2019: Year of the Organized Collection

Bless me readers for I have sinned, it has been several weeks since my last entry, and several years since I’ve been a regular contributor to my own site.

The years are starting to run together, so I’ll save you all the heartbreak, heartache and false promises. Instead I’ll simply stick to this for now: 2019 will be the year of the Organized Collection.

At the turn of the new year we all tend to have our resolutions, and in this hobby we are no different.  We vow to spend less and be more focused. And as one person recently said on Twtter, that’s akin to us making a pledge to lose weight and save more money.

But the one resolution I will focus on for 2019 is to continue to become more organized.

Like many collectors, organization of our cards can be a problem. Most of us simply have too much, and not enough time to organize everything in a manner in which anyone can walk in and find what it is that they’re looking for.  The easiest answer we usually give is I know where it’s at.

And so the organization has begun in my household. And it started with my Roger Clemens collection.  I’ve been a fan of The Rocket since I was 8 years old and he was in like his third year in the Majors. He is the reason I became a Red Sox fan.  I collected his cards while my friends took on collections of Mark McGwire and Darryl Strawberry.  My initial goal was to collect ALL of the Clemens cards I could find. Of course that goal was straight out of 1989 when you were essentially limited to the cards that were in your neighborhood and at local shops and shows.  Now in the internet age, that’s a ridiculous feat. One of each usually works, except for a few releases like the 1991 Topps card — I will take everyone that I can acquire in trades.

I refuse to call myself a “Super Collector.” That moniker is over-used and typically implies you’re willing to spend any amount on any card to ensure you have it, and that you don’t sell any of those players cards.

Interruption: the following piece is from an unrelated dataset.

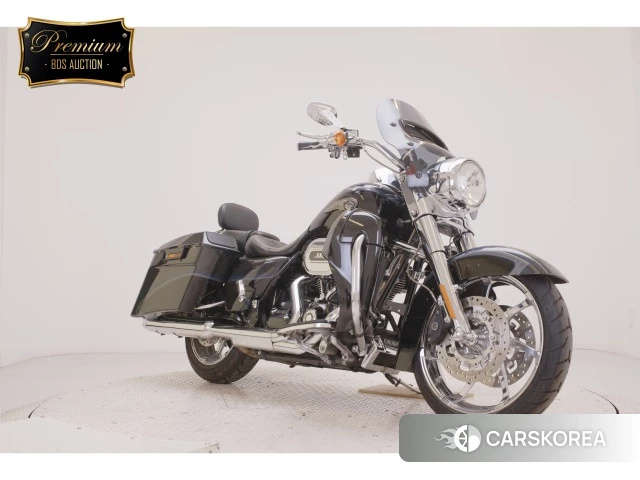 Harley-Davidson Road King Custom FLHRSE1800CVO 2013 из Японии, фото 4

I simply call myself a “Clemens collector” who would like to acquire them all, but knows limitations, even if they actually vary from time to time.

For years I’ve had my Clemens cards stored in binder chronologically, and I always dreamed of actually maintaining a database for the cards I already have. But after several starts and stops, using various spreadsheets and even trying Beckett.com, I still found myself with a toothless list that was full of discrepancies. It wasn’t until recently that I discovered a pretty good, free tool: The Trading Card Database (link).

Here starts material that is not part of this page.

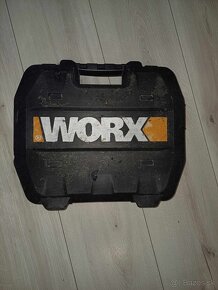 AKU skrutkovač WORX - 2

While it’s not perfect, the database has already saved me the heartache of buying doubles and sometimes triples of certain cards. In addition, I’ve continued to organize the Clemens cards within the 9-pocket sheets and binders.

While the organization is good for me as a collector, it has also been vital in moving forward in my relationship with my girlfriend. During the tenure of my decade-long marriage, which ended three years ago this month, I kept my partner away from my collection. And for the first year with my girlfriend I’ve done the same.  As it turned out, my lack of organization made my anxiety go through the rough and I was embarrassed by the amount of stuff I had collected and the lack of organization throughout. We had a talk about the issue, and just last week she said said he wanted to help.  So she did. She placed three partial sets into numbered-binder pages and labeled a binder for me.

And so I will proceed with this task of organization as my sole hobby resolution for 2019. After I wrap up the Clemens organization, I will move onto moving my Clayton Kershaw cards into binders and enter them into the Trading Card Database.